[[ Dataset records, beginning ]]

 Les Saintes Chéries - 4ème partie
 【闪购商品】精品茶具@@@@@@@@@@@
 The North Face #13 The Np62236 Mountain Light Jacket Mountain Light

[[ Dataset records, end ]]
[[ Dataset records, beginning ]]

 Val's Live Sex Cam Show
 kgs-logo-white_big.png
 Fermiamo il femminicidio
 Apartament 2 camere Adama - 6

[[ Dataset records, end ]]
[[ Dataset records, beginning ]]

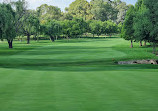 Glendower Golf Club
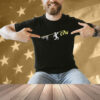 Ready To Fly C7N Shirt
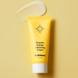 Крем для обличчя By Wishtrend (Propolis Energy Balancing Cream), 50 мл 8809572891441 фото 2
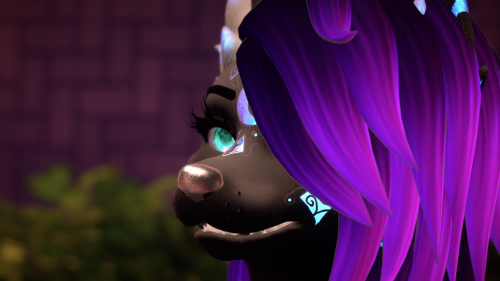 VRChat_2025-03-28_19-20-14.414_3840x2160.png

[[ Dataset records, end ]]

Exercise brief:
Reproduce verbatim the lines above, from the line with "kgs-logo-white_big.png" through the line with "Apartament 2 camere Adama - 6".

Finished exercise:
 kgs-logo-white_big.png
 Fermiamo il femminicidio
 Apartament 2 camere Adama - 6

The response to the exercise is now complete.